:: WORK ITEM ::
Word for word, print the entries that follow.

***** DATASET EXTRACT

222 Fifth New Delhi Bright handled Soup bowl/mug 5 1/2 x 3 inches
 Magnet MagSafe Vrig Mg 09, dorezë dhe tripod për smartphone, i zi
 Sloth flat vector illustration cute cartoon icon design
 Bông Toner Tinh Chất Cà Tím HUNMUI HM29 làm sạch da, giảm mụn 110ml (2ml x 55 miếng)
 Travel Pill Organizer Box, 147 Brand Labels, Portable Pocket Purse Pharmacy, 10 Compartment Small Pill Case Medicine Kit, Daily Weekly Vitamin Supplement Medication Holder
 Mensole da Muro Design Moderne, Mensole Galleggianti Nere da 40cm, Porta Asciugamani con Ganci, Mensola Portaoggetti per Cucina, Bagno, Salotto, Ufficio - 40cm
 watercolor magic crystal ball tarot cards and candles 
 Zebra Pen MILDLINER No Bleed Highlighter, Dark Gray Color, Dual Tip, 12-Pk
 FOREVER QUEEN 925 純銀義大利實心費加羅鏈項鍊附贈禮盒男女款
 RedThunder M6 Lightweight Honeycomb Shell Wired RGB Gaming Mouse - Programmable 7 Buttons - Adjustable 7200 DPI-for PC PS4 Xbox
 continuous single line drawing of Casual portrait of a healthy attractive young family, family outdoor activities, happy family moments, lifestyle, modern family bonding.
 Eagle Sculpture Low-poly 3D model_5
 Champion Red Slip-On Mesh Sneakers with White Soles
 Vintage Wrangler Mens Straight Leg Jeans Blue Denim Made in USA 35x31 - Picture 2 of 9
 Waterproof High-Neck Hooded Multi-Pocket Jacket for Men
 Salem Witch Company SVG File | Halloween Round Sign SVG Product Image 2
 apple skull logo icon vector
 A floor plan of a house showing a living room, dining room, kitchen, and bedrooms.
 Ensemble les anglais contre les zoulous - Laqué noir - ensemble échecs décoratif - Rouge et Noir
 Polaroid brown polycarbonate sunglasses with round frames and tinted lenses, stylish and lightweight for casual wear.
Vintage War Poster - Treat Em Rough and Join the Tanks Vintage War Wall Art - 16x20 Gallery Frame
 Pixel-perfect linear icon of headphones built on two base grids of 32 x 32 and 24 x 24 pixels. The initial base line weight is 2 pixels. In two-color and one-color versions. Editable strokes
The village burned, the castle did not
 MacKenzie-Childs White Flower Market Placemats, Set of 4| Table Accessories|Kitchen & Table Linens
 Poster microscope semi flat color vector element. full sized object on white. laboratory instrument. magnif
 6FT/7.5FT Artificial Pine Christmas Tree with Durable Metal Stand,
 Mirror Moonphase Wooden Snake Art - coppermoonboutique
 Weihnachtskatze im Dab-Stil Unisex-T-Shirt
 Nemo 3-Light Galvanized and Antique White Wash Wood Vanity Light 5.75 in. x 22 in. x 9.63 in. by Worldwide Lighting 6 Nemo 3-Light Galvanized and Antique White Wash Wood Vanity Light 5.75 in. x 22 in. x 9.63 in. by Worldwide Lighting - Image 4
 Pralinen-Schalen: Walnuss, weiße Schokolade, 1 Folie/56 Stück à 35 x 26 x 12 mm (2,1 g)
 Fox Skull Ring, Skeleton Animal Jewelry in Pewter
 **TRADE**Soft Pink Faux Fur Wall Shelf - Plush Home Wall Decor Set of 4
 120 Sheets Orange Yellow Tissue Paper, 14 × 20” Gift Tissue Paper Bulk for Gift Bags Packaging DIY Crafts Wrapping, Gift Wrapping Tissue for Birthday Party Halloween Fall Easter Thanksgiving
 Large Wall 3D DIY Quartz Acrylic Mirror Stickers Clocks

**********

:: SOLUTION ::
222 Fifth New Delhi Bright handled Soup bowl/mug 5 1/2 x 3 inches
 Magnet MagSafe Vrig Mg 09, dorezë dhe tripod për smartphone, i zi
 Sloth flat vector illustration cute cartoon icon design
 Bông Toner Tinh Chất Cà Tím HUNMUI HM29 làm sạch da, giảm mụn 110ml (2ml x 55 miếng)
 Travel Pill Organizer Box, 147 Brand Labels, Portable Pocket Purse Pharmacy, 10 Compartment Small Pill Case Medicine Kit, Daily Weekly Vitamin Supplement Medication Holder
 Mensole da Muro Design Moderne, Mensole Galleggianti Nere da 40cm, Porta Asciugamani con Ganci, Mensola Portaoggetti per Cucina, Bagno, Salotto, Ufficio - 40cm
 watercolor magic crystal ball tarot cards and candles 
 Zebra Pen MILDLINER No Bleed Highlighter, Dark Gray Color, Dual Tip, 12-Pk
 FOREVER QUEEN 925 純銀義大利實心費加羅鏈項鍊附贈禮盒男女款
 RedThunder M6 Lightweight Honeycomb Shell Wired RGB Gaming Mouse - Programmable 7 Buttons - Adjustable 7200 DPI-for PC PS4 Xbox
 continuous single line drawing of Casual portrait of a healthy attractive young family, family outdoor activities, happy family moments, lifestyle, modern family bonding.
 Eagle Sculpture Low-poly 3D model_5
 Champion Red Slip-On Mesh Sneakers with White Soles
 Vintage Wrangler Mens Straight Leg Jeans Blue Denim Made in USA 35x31 - Picture 2 of 9
 Waterproof High-Neck Hooded Multi-Pocket Jacket for Men
 Salem Witch Company SVG File | Halloween Round Sign SVG Product Image 2
 apple skull logo icon vector
 A floor plan of a house showing a living room, dining room, kitchen, and bedrooms.
 Ensemble les anglais contre les zoulous - Laqué noir - ensemble échecs décoratif - Rouge et Noir
 Polaroid brown polycarbonate sunglasses with round frames and tinted lenses, stylish and lightweight for casual wear.
Vintage War Poster - Treat Em Rough and Join the Tanks Vintage War Wall Art - 16x20 Gallery Frame
 Pixel-perfect linear icon of headphones built on two base grids of 32 x 32 and 24 x 24 pixels. The initial base line weight is 2 pixels. In two-color and one-color versions. Editable strokes
The village burned, the castle did not
 MacKenzie-Childs White Flower Market Placemats, Set of 4| Table Accessories|Kitchen & Table Linens
 Poster microscope semi flat color vector element. full sized object on white. laboratory instrument. magnif
 6FT/7.5FT Artificial Pine Christmas Tree with Durable Metal Stand,
 Mirror Moonphase Wooden Snake Art - coppermoonboutique
 Weihnachtskatze im Dab-Stil Unisex-T-Shirt
 Nemo 3-Light Galvanized and Antique White Wash Wood Vanity Light 5.75 in. x 22 in. x 9.63 in. by Worldwide Lighting 6 Nemo 3-Light Galvanized and Antique White Wash Wood Vanity Light 5.75 in. x 22 in. x 9.63 in. by Worldwide Lighting - Image 4
 Pralinen-Schalen: Walnuss, weiße Schokolade, 1 Folie/56 Stück à 35 x 26 x 12 mm (2,1 g)
 Fox Skull Ring, Skeleton Animal Jewelry in Pewter
 **TRADE**Soft Pink Faux Fur Wall Shelf - Plush Home Wall Decor Set of 4
 120 Sheets Orange Yellow Tissue Paper, 14 × 20” Gift Tissue Paper Bulk for Gift Bags Packaging DIY Crafts Wrapping, Gift Wrapping Tissue for Birthday Party Halloween Fall Easter Thanksgiving
 Large Wall 3D DIY Quartz Acrylic Mirror Stickers Clocks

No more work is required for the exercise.